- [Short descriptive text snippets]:
══════════

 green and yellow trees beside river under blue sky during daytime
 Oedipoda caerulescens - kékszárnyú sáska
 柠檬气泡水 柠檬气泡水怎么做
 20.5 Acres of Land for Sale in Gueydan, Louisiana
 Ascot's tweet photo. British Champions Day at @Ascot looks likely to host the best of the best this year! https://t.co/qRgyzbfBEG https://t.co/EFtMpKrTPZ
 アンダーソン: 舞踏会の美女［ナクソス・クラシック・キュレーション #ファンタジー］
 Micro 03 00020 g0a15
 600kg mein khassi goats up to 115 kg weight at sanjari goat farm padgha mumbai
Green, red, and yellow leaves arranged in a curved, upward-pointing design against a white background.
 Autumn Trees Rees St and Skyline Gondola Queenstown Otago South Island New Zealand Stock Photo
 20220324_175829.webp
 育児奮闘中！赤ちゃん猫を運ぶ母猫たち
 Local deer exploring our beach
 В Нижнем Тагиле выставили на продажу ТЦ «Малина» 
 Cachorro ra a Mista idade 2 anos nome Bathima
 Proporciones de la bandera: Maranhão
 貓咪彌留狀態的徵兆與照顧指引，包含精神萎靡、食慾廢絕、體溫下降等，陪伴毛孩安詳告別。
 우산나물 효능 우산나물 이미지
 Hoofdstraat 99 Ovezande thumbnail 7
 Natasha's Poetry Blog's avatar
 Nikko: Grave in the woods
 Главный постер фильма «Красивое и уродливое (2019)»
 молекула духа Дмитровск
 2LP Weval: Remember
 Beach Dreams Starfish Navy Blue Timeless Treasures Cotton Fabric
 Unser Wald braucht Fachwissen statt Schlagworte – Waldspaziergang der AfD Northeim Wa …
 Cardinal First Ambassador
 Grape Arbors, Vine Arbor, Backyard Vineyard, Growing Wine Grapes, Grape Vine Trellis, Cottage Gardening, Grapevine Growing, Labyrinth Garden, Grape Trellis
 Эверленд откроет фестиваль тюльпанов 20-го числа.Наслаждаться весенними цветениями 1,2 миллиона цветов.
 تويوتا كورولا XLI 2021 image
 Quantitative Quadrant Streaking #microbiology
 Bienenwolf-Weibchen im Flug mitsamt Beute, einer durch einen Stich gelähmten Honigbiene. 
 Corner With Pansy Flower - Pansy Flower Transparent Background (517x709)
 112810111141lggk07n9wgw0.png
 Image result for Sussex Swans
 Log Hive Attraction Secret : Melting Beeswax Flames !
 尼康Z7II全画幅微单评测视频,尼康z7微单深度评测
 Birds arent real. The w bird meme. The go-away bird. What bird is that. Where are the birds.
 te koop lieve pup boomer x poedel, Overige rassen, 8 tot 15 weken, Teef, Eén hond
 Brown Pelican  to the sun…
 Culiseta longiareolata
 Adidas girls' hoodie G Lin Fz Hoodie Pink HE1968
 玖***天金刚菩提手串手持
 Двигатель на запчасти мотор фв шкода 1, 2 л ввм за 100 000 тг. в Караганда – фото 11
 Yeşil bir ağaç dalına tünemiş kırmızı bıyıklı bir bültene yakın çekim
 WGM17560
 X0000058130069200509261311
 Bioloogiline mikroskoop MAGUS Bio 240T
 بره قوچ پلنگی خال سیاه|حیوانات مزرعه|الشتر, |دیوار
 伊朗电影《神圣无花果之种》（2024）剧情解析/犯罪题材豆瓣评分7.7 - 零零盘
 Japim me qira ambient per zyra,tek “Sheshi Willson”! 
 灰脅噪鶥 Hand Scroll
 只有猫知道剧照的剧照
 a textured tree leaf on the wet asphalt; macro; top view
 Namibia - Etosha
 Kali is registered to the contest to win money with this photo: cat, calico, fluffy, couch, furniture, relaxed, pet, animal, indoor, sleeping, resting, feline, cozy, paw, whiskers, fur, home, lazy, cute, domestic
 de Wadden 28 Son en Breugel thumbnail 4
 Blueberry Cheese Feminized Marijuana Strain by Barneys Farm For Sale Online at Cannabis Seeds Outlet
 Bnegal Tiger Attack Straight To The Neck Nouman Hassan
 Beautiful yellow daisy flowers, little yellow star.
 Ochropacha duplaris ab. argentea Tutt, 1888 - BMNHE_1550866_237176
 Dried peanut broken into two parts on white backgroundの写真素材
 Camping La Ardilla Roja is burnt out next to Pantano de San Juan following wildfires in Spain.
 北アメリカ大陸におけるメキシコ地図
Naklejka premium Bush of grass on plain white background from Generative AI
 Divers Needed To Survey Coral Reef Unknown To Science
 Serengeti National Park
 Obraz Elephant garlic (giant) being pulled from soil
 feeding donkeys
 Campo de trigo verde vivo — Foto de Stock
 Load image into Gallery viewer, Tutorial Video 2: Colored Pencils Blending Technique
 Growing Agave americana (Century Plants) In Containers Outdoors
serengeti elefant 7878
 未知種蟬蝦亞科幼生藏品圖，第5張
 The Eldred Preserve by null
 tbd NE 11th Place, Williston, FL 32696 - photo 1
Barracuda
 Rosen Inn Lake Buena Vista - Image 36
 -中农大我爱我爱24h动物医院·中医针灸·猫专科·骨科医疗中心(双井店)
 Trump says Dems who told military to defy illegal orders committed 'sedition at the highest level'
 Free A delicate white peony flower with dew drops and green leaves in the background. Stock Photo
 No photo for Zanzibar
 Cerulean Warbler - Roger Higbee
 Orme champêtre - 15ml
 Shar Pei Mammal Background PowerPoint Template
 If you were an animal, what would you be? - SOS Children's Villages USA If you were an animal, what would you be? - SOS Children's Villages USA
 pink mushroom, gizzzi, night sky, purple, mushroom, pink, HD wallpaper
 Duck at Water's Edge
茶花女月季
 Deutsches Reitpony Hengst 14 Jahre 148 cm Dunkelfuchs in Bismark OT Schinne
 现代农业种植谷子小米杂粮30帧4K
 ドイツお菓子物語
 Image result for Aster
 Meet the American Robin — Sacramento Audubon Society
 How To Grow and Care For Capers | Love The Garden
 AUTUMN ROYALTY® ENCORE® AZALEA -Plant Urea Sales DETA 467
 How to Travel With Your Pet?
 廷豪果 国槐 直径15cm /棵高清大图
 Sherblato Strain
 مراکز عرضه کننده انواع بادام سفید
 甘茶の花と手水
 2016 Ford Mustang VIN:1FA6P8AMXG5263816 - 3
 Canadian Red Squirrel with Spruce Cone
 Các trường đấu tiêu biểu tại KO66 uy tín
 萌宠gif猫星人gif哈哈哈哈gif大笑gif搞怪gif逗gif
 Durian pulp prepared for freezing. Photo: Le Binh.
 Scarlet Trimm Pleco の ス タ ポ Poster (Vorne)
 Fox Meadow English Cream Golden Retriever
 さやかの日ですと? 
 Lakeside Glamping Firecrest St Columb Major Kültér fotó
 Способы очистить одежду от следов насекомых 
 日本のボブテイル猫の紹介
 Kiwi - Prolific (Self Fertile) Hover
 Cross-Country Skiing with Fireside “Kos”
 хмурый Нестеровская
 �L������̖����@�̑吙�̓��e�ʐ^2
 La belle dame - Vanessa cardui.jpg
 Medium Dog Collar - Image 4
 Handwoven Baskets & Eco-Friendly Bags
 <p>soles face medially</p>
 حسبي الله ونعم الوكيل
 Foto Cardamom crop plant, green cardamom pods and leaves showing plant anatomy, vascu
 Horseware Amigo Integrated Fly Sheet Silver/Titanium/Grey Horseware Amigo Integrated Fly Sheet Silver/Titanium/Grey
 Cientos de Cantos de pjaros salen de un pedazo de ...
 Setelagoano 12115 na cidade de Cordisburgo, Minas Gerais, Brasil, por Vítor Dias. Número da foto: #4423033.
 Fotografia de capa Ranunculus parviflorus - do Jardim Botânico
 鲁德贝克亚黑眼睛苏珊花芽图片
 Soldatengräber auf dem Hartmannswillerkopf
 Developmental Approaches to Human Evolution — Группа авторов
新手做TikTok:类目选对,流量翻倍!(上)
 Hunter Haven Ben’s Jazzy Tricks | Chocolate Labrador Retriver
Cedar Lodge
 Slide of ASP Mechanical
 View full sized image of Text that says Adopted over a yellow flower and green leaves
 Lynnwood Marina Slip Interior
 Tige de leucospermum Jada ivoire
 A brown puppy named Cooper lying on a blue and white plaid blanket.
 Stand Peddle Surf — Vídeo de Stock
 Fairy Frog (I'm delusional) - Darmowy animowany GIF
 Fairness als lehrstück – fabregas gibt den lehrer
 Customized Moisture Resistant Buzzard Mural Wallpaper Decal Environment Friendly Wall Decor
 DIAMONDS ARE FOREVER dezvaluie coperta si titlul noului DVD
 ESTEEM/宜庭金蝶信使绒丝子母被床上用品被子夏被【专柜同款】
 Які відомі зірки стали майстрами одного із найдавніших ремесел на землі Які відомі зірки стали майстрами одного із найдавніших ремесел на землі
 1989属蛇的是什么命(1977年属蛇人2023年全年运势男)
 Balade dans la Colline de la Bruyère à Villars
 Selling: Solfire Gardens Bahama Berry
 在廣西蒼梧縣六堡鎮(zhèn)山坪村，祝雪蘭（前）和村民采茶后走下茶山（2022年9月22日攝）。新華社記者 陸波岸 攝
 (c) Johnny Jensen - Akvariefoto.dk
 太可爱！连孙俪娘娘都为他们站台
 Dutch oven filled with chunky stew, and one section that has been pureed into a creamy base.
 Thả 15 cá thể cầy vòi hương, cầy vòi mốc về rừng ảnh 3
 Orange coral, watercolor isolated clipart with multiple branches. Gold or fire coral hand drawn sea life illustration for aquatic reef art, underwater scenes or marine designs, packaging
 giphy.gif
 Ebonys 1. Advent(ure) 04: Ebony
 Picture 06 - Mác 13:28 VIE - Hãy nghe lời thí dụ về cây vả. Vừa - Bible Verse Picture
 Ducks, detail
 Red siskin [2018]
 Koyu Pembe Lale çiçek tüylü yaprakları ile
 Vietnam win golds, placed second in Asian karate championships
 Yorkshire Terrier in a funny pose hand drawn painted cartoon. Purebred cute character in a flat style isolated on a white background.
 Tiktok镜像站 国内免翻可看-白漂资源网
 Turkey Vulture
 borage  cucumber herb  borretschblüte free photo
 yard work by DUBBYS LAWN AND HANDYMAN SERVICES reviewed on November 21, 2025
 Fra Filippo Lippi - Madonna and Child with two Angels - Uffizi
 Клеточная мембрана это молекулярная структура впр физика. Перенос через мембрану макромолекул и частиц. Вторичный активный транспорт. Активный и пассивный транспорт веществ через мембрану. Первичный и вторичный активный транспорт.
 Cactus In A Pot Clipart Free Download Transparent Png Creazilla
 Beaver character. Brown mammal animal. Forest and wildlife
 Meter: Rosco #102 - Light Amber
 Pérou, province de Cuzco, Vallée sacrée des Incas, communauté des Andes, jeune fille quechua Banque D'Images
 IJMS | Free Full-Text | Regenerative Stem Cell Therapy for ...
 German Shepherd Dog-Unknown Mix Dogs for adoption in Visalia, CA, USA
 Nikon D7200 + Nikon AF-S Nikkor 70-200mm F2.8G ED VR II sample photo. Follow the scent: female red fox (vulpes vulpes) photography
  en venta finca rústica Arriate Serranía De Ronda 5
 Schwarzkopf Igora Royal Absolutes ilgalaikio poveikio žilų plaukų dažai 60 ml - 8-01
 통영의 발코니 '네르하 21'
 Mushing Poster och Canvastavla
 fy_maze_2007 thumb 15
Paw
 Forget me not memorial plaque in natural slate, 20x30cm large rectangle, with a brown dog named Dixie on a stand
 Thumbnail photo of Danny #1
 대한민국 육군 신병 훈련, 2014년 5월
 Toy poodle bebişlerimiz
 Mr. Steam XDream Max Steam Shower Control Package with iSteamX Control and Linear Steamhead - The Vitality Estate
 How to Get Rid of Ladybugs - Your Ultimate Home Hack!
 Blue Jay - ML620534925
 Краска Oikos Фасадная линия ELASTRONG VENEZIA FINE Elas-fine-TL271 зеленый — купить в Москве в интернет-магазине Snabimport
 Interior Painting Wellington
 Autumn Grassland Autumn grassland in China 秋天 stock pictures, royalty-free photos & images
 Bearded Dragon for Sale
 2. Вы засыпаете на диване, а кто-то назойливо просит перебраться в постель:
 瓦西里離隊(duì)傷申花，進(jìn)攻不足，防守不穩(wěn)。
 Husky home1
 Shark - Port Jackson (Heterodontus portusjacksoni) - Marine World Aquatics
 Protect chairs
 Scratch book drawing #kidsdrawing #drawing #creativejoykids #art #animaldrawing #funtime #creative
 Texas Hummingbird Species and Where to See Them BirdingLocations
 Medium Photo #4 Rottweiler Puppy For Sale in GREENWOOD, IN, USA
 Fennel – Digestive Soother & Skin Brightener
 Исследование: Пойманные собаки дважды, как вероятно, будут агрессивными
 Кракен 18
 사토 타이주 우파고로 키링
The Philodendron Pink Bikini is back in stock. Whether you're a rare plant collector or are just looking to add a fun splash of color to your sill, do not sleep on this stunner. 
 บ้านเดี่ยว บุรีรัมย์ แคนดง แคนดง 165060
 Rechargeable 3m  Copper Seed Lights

══════════

- [What the task asks]: Only the lines above, from the first through the one holding "Grape Arbors, Vine", are to be output, and they must be copied exactly.

- [Solution to this exercise]:
 green and yellow trees beside river under blue sky during daytime
 Oedipoda caerulescens - kékszárnyú sáska
 柠檬气泡水 柠檬气泡水怎么做
 20.5 Acres of Land for Sale in Gueydan, Louisiana
 Ascot's tweet photo. British Champions Day at @Ascot looks likely to host the best of the best this year! https://t.co/qRgyzbfBEG https://t.co/EFtMpKrTPZ
 アンダーソン: 舞踏会の美女［ナクソス・クラシック・キュレーション #ファンタジー］
 Micro 03 00020 g0a15
 600kg mein khassi goats up to 115 kg weight at sanjari goat farm padgha mumbai
Green, red, and yellow leaves arranged in a curved, upward-pointing design against a white background.
 Autumn Trees Rees St and Skyline Gondola Queenstown Otago South Island New Zealand Stock Photo
 20220324_175829.webp
 育児奮闘中！赤ちゃん猫を運ぶ母猫たち
 Local deer exploring our beach
 В Нижнем Тагиле выставили на продажу ТЦ «Малина» 
 Cachorro ra a Mista idade 2 anos nome Bathima
 Proporciones de la bandera: Maranhão
 貓咪彌留狀態的徵兆與照顧指引，包含精神萎靡、食慾廢絕、體溫下降等，陪伴毛孩安詳告別。
 우산나물 효능 우산나물 이미지
 Hoofdstraat 99 Ovezande thumbnail 7
 Natasha's Poetry Blog's avatar
 Nikko: Grave in the woods
 Главный постер фильма «Красивое и уродливое (2019)»
 молекула духа Дмитровск
 2LP Weval: Remember
 Beach Dreams Starfish Navy Blue Timeless Treasures Cotton Fabric
 Unser Wald braucht Fachwissen statt Schlagworte – Waldspaziergang der AfD Northeim Wa …
 Cardinal First Ambassador
 Grape Arbors, Vine Arbor, Backyard Vineyard, Growing Wine Grapes, Grape Vine Trellis, Cottage Gardening, Grapevine Growing, Labyrinth Garden, Grape Trellis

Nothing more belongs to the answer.